Required action -
Restate word for word the entries below, starting with the line with "Listing Picture 17" and continuing through the line with "Фото 11 - Tesla Model 3". Include both of those lines and no others.

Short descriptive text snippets
:::::

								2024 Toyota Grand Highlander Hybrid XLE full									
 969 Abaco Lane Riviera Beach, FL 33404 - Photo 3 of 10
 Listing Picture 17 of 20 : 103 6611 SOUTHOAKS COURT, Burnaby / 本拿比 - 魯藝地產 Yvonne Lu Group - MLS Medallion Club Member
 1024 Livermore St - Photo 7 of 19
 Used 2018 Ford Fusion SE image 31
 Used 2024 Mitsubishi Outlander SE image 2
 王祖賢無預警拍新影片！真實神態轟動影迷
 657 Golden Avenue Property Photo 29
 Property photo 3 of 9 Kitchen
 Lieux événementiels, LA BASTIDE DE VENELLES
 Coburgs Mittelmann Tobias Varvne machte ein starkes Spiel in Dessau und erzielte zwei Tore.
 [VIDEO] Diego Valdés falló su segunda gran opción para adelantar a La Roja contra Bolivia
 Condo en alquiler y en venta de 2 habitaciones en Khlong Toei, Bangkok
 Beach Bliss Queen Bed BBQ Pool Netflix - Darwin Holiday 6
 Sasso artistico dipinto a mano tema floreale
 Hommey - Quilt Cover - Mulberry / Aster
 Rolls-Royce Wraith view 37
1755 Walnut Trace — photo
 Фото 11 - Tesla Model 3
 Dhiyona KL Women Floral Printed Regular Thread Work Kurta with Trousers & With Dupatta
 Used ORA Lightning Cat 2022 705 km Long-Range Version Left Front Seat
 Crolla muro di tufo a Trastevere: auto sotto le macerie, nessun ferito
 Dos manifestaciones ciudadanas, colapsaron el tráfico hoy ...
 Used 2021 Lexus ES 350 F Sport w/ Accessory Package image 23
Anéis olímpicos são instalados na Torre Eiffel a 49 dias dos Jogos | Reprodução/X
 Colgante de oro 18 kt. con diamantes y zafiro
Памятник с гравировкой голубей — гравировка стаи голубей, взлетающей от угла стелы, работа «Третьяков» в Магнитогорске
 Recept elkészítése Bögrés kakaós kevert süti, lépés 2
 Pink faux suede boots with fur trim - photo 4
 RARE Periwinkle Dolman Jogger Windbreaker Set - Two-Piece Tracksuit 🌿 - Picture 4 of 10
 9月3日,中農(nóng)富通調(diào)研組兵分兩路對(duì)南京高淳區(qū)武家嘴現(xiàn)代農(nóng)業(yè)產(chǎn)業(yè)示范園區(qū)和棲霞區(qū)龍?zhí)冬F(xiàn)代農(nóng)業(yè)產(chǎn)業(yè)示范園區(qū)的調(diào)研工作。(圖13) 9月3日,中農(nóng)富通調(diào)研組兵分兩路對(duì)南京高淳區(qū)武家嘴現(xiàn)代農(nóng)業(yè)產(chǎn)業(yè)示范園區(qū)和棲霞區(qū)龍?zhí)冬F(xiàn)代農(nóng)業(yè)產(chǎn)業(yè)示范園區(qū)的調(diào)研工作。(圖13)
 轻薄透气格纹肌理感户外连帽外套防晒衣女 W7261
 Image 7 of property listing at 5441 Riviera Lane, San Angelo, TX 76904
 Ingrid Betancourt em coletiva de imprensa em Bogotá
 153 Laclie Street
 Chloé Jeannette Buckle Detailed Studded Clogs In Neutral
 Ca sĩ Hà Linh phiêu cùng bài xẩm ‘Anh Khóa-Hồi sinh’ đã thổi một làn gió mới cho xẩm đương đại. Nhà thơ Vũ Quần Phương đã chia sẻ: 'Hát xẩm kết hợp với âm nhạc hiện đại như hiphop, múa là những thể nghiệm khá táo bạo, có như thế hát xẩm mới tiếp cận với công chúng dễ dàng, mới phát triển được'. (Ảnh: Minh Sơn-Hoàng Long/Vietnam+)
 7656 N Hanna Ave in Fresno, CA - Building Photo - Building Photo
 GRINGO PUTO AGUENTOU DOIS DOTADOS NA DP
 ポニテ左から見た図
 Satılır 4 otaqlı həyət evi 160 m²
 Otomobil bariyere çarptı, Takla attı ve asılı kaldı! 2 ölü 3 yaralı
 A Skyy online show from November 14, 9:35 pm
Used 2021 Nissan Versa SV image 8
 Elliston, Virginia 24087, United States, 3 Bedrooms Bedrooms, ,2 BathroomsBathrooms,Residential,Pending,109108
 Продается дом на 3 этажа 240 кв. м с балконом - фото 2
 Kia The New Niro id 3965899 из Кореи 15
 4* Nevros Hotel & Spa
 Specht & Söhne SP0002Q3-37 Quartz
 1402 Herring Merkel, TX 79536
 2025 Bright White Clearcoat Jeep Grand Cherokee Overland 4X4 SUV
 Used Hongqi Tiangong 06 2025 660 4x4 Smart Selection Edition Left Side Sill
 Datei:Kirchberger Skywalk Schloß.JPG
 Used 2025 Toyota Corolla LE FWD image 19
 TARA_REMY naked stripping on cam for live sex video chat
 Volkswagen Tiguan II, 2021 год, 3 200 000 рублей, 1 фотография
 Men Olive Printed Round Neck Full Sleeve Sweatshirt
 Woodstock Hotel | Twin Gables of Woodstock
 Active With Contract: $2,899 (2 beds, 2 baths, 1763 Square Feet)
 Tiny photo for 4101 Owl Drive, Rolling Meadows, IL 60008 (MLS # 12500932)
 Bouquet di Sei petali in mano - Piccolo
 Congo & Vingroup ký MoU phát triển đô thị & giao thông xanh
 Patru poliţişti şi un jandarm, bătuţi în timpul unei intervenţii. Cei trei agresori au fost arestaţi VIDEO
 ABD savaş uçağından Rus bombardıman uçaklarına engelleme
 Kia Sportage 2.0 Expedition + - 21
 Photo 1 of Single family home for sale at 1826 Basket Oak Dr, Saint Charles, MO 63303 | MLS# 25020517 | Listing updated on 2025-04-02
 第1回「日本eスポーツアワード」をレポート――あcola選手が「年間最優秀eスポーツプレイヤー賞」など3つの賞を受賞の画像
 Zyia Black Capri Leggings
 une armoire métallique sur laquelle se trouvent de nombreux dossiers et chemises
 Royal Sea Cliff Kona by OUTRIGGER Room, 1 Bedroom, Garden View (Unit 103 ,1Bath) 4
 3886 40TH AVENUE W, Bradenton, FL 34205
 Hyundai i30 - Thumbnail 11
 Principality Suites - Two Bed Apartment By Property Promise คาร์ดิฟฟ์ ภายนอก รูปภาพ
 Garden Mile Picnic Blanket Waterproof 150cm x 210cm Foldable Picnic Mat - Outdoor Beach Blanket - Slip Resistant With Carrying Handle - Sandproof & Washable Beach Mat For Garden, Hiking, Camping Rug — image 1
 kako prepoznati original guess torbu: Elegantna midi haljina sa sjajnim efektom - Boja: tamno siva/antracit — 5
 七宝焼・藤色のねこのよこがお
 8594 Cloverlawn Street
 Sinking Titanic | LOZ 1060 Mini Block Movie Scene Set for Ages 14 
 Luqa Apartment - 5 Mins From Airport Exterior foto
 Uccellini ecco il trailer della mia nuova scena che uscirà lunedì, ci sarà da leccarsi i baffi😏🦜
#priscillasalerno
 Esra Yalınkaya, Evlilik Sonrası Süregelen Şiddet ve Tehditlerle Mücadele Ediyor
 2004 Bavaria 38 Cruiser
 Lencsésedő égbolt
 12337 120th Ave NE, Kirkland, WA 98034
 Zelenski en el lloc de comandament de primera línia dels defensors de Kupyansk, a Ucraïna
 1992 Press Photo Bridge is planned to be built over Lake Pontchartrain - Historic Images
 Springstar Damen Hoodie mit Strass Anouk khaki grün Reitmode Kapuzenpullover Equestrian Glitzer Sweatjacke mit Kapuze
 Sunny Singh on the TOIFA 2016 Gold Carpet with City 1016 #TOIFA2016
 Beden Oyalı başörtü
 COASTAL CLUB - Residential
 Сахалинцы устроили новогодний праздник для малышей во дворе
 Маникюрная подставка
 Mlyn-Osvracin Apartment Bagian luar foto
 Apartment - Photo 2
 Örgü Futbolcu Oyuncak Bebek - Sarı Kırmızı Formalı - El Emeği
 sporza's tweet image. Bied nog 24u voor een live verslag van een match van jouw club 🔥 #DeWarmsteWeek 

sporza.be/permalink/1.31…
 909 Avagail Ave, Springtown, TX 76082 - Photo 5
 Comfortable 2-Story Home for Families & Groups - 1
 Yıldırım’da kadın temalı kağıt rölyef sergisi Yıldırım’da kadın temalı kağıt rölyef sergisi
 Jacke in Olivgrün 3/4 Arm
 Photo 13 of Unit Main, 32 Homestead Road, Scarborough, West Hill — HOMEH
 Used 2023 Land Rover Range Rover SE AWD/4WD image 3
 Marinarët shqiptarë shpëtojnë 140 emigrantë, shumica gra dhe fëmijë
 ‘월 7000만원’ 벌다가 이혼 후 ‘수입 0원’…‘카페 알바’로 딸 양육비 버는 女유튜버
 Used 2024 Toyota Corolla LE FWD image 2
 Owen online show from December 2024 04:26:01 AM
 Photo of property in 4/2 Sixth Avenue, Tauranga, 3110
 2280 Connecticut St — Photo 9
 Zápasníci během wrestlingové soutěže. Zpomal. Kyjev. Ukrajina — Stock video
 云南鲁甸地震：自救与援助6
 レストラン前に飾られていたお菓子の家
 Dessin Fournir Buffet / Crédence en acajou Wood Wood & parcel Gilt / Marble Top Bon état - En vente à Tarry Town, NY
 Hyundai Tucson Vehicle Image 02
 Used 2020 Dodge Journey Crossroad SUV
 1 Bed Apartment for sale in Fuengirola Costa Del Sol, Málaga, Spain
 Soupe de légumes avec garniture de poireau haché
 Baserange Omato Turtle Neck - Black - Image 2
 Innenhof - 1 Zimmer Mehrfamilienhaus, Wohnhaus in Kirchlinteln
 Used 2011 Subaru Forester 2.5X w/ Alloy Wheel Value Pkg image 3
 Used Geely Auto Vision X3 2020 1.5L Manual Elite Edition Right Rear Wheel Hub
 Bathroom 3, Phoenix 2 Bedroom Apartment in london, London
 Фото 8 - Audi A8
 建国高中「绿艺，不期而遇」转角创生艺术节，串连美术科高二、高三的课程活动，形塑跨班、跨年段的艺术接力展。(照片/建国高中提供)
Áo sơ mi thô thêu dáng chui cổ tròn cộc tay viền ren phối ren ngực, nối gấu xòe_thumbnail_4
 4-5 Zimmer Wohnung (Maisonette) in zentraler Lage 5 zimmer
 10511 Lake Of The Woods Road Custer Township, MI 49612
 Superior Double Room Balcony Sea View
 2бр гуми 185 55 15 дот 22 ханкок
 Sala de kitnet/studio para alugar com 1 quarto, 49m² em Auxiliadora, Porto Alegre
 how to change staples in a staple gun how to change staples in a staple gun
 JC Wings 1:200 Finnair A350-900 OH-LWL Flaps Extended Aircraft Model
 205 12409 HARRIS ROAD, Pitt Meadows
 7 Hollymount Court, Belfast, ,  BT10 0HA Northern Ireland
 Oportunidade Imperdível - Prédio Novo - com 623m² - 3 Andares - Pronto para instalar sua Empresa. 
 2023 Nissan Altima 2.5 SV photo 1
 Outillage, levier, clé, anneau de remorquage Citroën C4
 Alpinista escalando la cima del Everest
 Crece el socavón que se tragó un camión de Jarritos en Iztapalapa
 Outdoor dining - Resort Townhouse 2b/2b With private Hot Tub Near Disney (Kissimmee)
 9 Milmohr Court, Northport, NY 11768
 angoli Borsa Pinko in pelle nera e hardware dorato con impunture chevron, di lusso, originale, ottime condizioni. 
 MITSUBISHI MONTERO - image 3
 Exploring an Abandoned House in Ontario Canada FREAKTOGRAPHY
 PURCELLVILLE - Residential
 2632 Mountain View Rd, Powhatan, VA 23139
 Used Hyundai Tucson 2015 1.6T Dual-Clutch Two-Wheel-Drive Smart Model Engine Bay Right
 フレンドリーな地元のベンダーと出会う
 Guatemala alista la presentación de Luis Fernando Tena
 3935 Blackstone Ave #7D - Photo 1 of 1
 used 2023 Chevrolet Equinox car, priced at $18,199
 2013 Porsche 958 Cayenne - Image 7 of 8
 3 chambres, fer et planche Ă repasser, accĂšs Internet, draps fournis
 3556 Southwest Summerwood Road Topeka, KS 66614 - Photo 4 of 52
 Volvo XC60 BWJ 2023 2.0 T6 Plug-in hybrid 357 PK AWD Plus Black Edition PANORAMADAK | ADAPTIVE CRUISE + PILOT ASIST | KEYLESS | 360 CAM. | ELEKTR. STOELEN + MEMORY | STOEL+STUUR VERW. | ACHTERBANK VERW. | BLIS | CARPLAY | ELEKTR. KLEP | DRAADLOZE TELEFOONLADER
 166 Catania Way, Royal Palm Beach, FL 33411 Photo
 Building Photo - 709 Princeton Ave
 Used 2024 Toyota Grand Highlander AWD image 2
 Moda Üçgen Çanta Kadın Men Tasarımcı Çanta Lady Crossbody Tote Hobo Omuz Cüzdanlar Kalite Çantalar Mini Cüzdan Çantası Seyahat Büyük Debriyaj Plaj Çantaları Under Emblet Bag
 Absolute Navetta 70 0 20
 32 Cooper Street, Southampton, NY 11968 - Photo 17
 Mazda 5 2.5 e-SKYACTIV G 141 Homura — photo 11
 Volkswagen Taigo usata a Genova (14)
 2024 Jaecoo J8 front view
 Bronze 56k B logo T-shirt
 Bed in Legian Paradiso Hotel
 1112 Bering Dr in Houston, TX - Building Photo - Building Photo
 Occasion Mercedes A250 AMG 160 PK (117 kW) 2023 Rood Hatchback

:::::

Reply to the task -
 Listing Picture 17 of 20 : 103 6611 SOUTHOAKS COURT, Burnaby / 本拿比 - 魯藝地產 Yvonne Lu Group - MLS Medallion Club Member
 1024 Livermore St - Photo 7 of 19
 Used 2018 Ford Fusion SE image 31
 Used 2024 Mitsubishi Outlander SE image 2
 王祖賢無預警拍新影片！真實神態轟動影迷
 657 Golden Avenue Property Photo 29
 Property photo 3 of 9 Kitchen
 Lieux événementiels, LA BASTIDE DE VENELLES
 Coburgs Mittelmann Tobias Varvne machte ein starkes Spiel in Dessau und erzielte zwei Tore.
 [VIDEO] Diego Valdés falló su segunda gran opción para adelantar a La Roja contra Bolivia
 Condo en alquiler y en venta de 2 habitaciones en Khlong Toei, Bangkok
 Beach Bliss Queen Bed BBQ Pool Netflix - Darwin Holiday 6
 Sasso artistico dipinto a mano tema floreale
 Hommey - Quilt Cover - Mulberry / Aster
 Rolls-Royce Wraith view 37
1755 Walnut Trace — photo
 Фото 11 - Tesla Model 3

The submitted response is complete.